Officiating in the second half of last year taught the Otters that physical play was to be discouraged. The team, therefore, never developed the instinct to protect McDavid (or their 5'6" 16 year old leading goal scorer, Alex DeBrincat). This is not to imply that McDavid bears no responsibility in his own injury. He does. But so does his team and the league.

Teebz said...

Great comment, Brian. However, in this case - and only this case - McDavid started the fight. The OHL had nothing to do with the slash, the gloves in Cianfrone's face, or the number of punches McDavid threw.

You're absolutely right in that there are some differences with regards to teams - Philly and Boston play more physical than other NHL teams.

If you're right about the OHL treating Erie differently - and I have no reason not to believe you - then they do bear some blame overall.

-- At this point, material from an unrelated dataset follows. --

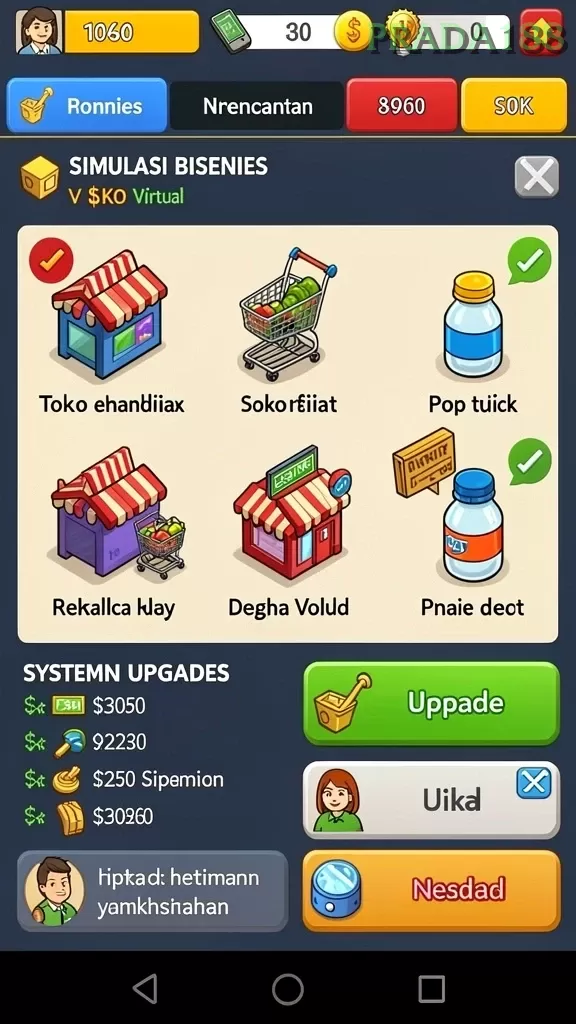 Screenshot Dragons Luck Stacks nomor 2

But for McDavid's injury last night? No way. McDavid started that fight with his own choices after Cianfrone simply finished his check.

Teebz said...

Oh, and for Cox to use it as a crutch to shame the OHL is pretty cowardly.

Brian Wagner said...

Agreed. Last night's decision falls on McDavid. And the rhetoric being used across many media outlets using this case to emphasize the case to "get fighting out of hockey" is embarrassing.

It's so unbelievably easy to forget that stars are being made at a ridiculously young age. Then, culturally, we act surprised when a 17 year old makes a less than perfect decision. The common refrain right now is "McD should know better! Why is he fighting?!" Um...he's a kid. Why didn't he clean his room? Why did he only do half of his homework?

I guarantee he skated off the ice last night thinking some variation of "Damn, that was dumb." But I still feel the domino effect played a role... his team is not conditioned to get him out of bad situations. An organic, flow-of-the-game fight flared up and the Otters weren't ready to grab Cianfrone or McDavid to pull him away.

If there's an upside, this might have just made a few of the more casual fans learn McDavid's name half a season early. The headlines are everywhere and his return will be eagerly anticipated.